Logika Kacau Pengamat Intelijen, Tuding Bahasa Arab Ciri Teroris
HIDAYATUNA.COM, Jakarta – Tudingan pengamat intelijen Susaningtyas Kertopati yang menyebut salah satu ciri teroris adalah Bahasa Arab disebut sebagai logika yang kacau. Hal itu disampaikan Ketua Majelis Ulama (MUI) Pusat Muhammad Cholil Nafis menanggapi tudingan sesat dari Susaningtyas.
Sebelumnya Susaningtyas menuding banyak sekolah di Indonesia berkiblat pada militan Taliban dan bahasa Arab sebagai ciri teroris. Menurut Kiai Cholil sapaan akrab Muhammad Cholil Nafis tudingan tersebut sesat menyesatkan.
Kiai Cholil menduga Susaningtyas disebut tidak memahami bahasa Arab sehingga mengaitkannya dengan teroris. Ia menilai apa yang disampaikan pengamat intelijen Indonesia itu sangat dangkal dan berbahaya.
“Mengamati atau menuduh. Gara-gara tak mengerti bahasa Arab maka dikiranya sumber terorisme atau dikira sedang berdoa hahaha. Ini bukan pengamat tapi penyesat,” ujar Kiai Cholil melalui akun Twitter pribadinya, Rabu (8/9/2021) dilansir dari Republika.

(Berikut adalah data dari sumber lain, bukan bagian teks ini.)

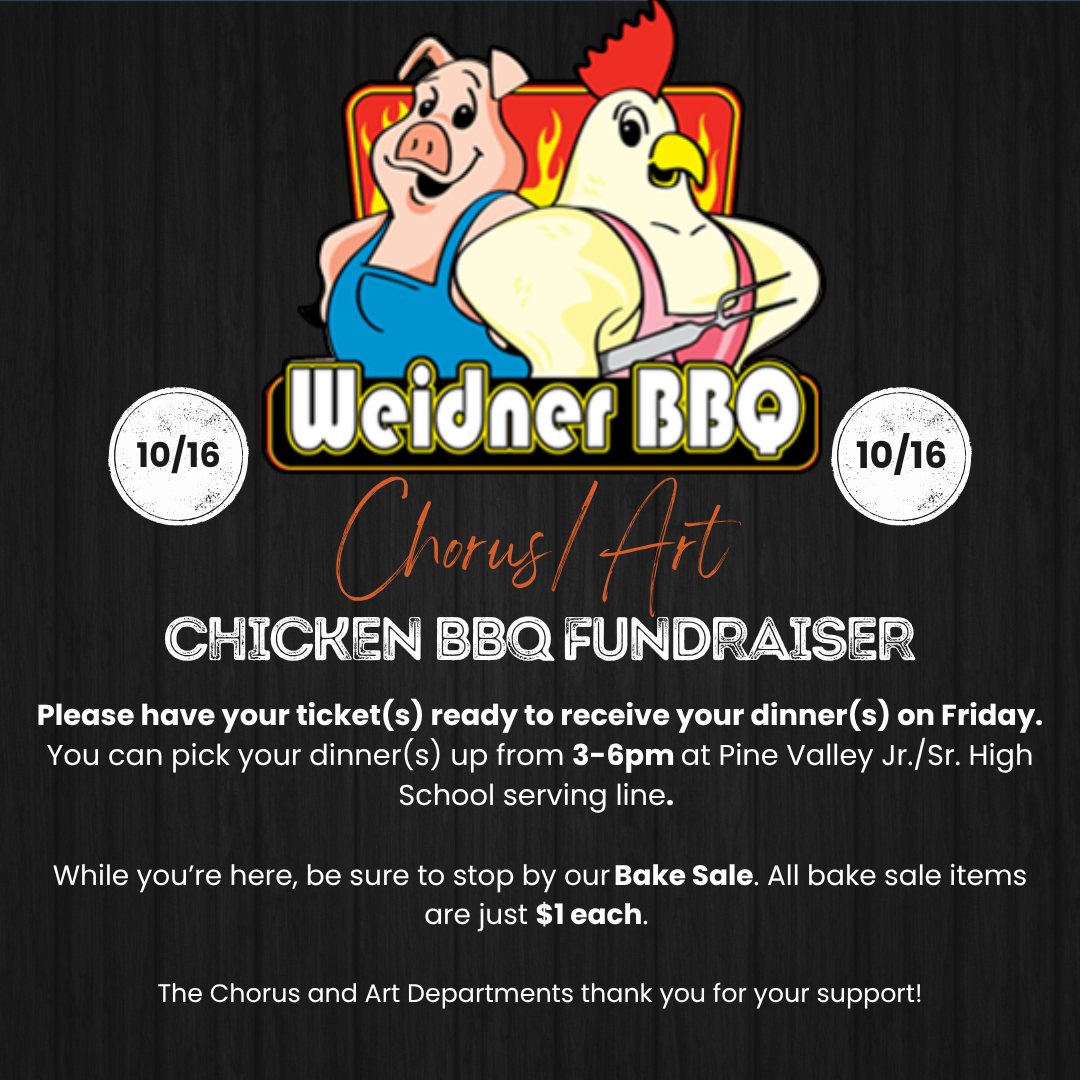 Chorus/Art Chicken BBQ Fundraiser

Ia menjelaskan bahasa Arab adalah yang paling sempurna. Selain itu, bahasa Arab menjadi bahasa di Islam dan jadi bahasa Alquran. Jadi, dia melanjutkan, kalau ada orang berbahasa Arab jadi teroris maka bukan bahasa Arabnya yang salah.
Logika Kacau Susaningtyas
Secara argumentasi, lanjut Kiai Cholil, tidak bisa dibenarkan jika profesor korupsi kemudian menuding perguruan tinggi adalah sarang korupsi.
“Pengajaran bahasa Arab sama dengan orang mengajarkan agama. Jadi, kalau mengatakan Islam agama teroris salahnya di situ, ini kesalahpahaman,” tegasnya.

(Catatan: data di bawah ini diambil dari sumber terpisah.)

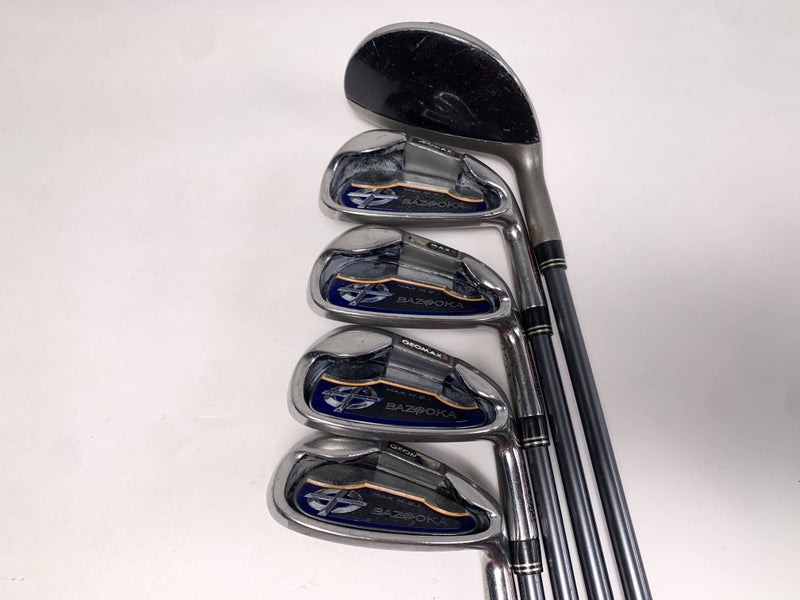 Tour Edge Bazooka Geomax 2 Iron Set 5H 7-9+SW Bazooka Ladies Graphite Womens RH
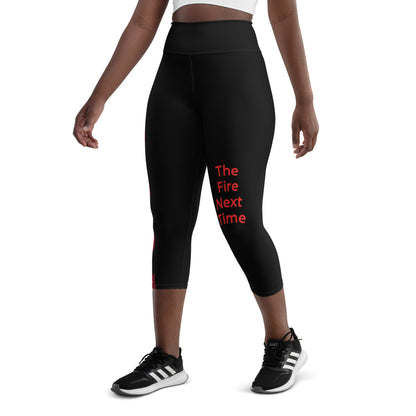 James Baldwin "The Fire Next Time" Inspired Yoga Capri Leggings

Ia pun kemudian mempertanyakan pernyataan Susaningtyas yang menganggap orang yang tak hapal nama-nama partai politik (parpol) merupakan ciri teroris. Dia menilai Susaningtyas punya logika yang kacau.

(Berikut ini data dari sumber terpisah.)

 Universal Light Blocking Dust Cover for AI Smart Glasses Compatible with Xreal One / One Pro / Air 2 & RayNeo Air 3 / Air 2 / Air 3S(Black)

“Masa’ tak hafal nama-nama parpol dianggap radikal, nanti kalau tak kenal nama-nama menteri dikira tak nasionalis. Kacau nih logikanya,” jelasnya.
Sebelumnya, Pengamat intelijen Susaningtyas Kertopati menilai saat ini banyak sekolah di Indonesia yang mulai berkiblat ke Taliban yang dia anggap sebagai organisasi radikal. Dia menyebutkan ciri-ciri sekolah dan para gurunya yang mulai berkiblat ke Taliban atau ke radikalisme, diantaranya tidak mau hafal nama-nama Partai Politik.
“Mereka tak mau pasang foto presiden dan wapres. Lalu mereka tak mau menghafal menteri-menteri, tak mau menghafal parpol-parpol,” ujar Susaningtyas.